This is about right. Head out between the two groups of small
islands just N of W of the point at the end of the bay from the landing. There
are three portages around the gorge between Lacs Albanel and Mistassini.
The first is a 150-yard portage on the left bank. It is found at the
end of a long sweeping bend, 20 yards above the rapids. The landing is
small so we sent canoes down in pairs as the landing is in swift current
and it was the first portage at the beginning of the first day. This
rapids could be run without much difficulty. It is a short,
straight, steep shot with good-sized waves (although nothing compared to
the river below). We were usually still hazy from the bus and
hadn’t had time to get familiar with the kids. Furthermore the
gorge itself begins just a couple hundred yards below so an upset would
have been catastrophic for the gear. This portage puts out in a deep bay above the gorge itself. We camped across the bay from the portage at the lip of the gorge. The campsite itself is on the bay side in a (now old) burn. We found just enough room for the tents. The site was reached by 9:15 A.M. In 1992 and 1993 we saw “wildlife” here: a woodchuck and a mink. Day
2 The
second portage of the summer is 700 yards long. It begins SW of the
campsite on the same side of the bay and crosses the burn to a small pond.

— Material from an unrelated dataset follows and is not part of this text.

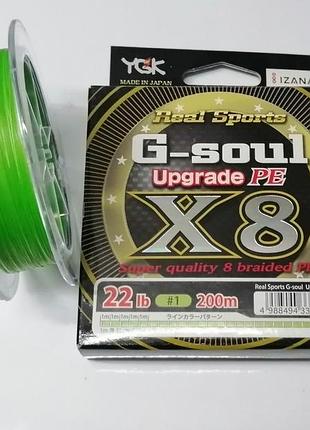 Шнур рыболовный ygk g-soul upgrade pe x8 200 м #1.0/0,165 мм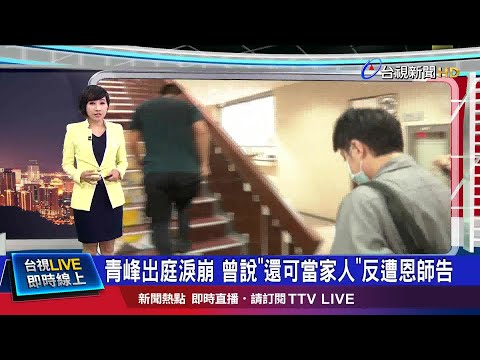 與恩師撕破臉 青峰打官司憂母扛不住哽咽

Paddle to the next pond to the N and then wind your way up the creek N out
of the second pond. The
next portage begins where the creek dries up. It walks about 1000
yards to Lac Mistassini. Beware the corduroy and the steep hill at
the end if it is a soggy day. There is a campsite at the end of the
portage. It is grassy, and was well littered with winter detritus
all three years, but there is ample room to wait out a wind if necessary. We
found “Carp’s Snowy Point” campsite tucked away at the end of the
long point separating the portage bay from the east body of the lake. The
site is in the shelter of the point on its eastern shore. There are
three small clearings. The old fireplace was found in the center one
under an old windfall. We put our kitchen in the southern clearing
with the staff tent. The northern clearing was fairly well
overgrown. The campsite was true to the 1974 Sakami River notes in
the Keewaydin Map Room. We were windbound here a day and a half in 1992 and firebound here for two days in 1993. Danny Carpenter and Heb Evans (both long-time trip leaders at Keewaydin) were “snowbound” here in flurries and a chill in late June of 1972. Deep in the bay is a fishing outfitter run by the local Cree called Camp Vieux Poste. The managers proved very helpful in 1993, providing us both with information about the fires on the Wabissinane and a ride down the lake so we could phone in our itinerary changes to the base camp in Temagami. (I am sure Dan Sr. heard the radio call first from their island and headed over to Keewaydin “for a potato or two” and to tell Danny).